→ **Prompt**:
A partial copy is required: transcribe exactly the lines from the one containing "Angled pedestals straight" through the last line below, without any pictures.

→ **Raw data**:
====
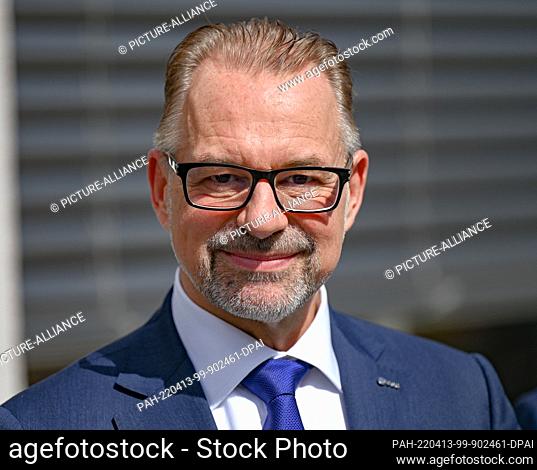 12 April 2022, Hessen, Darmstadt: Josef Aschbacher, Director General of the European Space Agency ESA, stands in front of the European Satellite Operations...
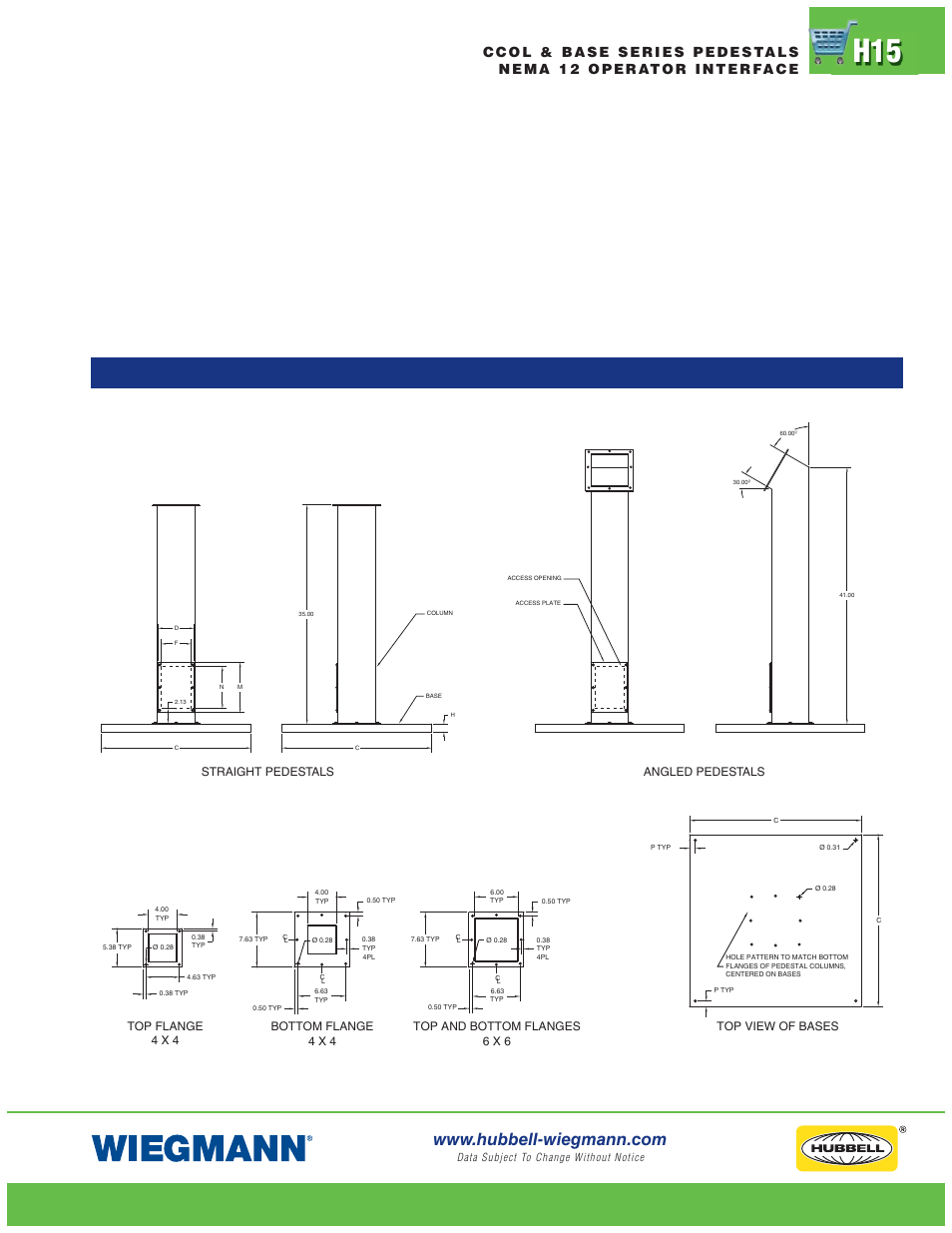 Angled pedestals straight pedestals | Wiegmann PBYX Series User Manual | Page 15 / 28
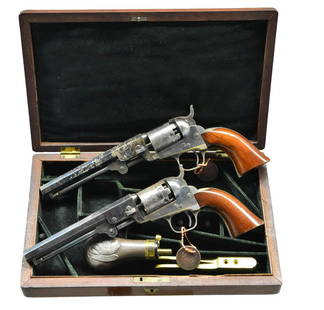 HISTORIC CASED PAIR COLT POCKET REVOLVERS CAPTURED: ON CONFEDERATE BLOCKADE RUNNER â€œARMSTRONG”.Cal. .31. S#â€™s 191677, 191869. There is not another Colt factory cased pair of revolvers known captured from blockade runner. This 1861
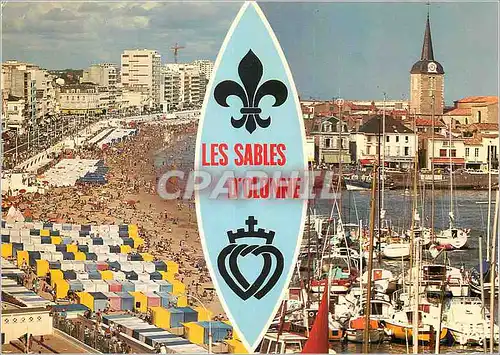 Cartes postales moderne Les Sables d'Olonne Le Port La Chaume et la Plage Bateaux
====
→ **Task output**:
 Angled pedestals straight pedestals | Wiegmann PBYX Series User Manual | Page 15 / 28
 HISTORIC CASED PAIR COLT POCKET REVOLVERS CAPTURED: ON CONFEDERATE BLOCKADE RUNNER â€œARMSTRONG”.Cal. .31. S#â€™s 191677, 191869. There is not another Colt factory cased pair of revolvers known captured from blockade runner. This 1861
 Cartes postales moderne Les Sables d'Olonne Le Port La Chaume et la Plage Bateaux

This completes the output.